Il più importante codice civile dell'800 (code Napoléon) definisce la proprietà come il
diritto di godere e di disporre delle cose nella maniera più assoluta, purchè non se ne
faccia un uso proibito dalle leggi o dai regolamenti. → la stessa formula si ritrova nel
codice civile italiano del 1865. → E' una nozione che sul piano teorico ricalca il
paradigma romanistico della proprietà come diritto che attribuisce al proprietario una
gamma di poteri tendenzialmente illimitata.
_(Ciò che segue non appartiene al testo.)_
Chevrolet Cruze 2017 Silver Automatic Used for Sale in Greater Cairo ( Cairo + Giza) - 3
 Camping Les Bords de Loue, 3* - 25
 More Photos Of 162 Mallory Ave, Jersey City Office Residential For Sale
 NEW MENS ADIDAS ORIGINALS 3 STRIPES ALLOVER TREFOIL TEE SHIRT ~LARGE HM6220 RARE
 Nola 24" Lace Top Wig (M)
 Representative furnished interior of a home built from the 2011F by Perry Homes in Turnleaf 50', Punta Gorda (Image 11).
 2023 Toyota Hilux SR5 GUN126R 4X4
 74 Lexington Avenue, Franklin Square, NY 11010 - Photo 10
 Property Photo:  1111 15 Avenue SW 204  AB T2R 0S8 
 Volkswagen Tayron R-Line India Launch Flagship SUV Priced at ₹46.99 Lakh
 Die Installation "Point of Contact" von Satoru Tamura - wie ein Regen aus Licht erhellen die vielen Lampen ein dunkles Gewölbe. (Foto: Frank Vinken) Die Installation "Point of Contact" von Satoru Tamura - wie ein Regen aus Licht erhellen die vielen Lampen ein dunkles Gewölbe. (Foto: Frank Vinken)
Questo paradigma andava bene per le
esigenze dell'economia del XIX secolo, caratterizzate dal primato della borghesia
proprietaria e da una concentrazione della ricchezza saldamente ancorata al bene
della terra.
Se dall'800 ed i suoi codici si passa al 900e al codice civile del 1942, il panorama
cambia completamente sul piano sistematico.
Nel codice civile vigente, successione mortis causa, contratto ed obbligazione
occupano uno spazio autonomo rispetto alla proprietà (disciplinata nel libro III). Il
contratto, nel nostro ordinamento giuridico, opera sia come modo di acquisto dalla
proprietà, sia come fonte delle obbligazioni. → tutto questo è sintomatico di una
profonda trasformazione nel modo di intendere la ricchezza.
In circa 100 anni si era passati da una società di capitalismo allo stato nascente ad una
società di capitalismo industriale, fortemente caratterizzata dalle esigenze della
produzione e dello scambio. Il codice civile del 1942 realizza l'unificazione del diritto
privato e con esso, la proprietà perde il suo ruolo centrale e diviene uno tra gli istituti
privatistici. Anche il trattamento riservato alla proprietà dalla costituzione del 1948 è
significativo della mutata concezione della stessa. Il diritto di proprietà trova un
esplicito riconoscimento all'art 42 comma 1 della costituzione, dove però nel comma
2 se ne proclama la funzione sociale.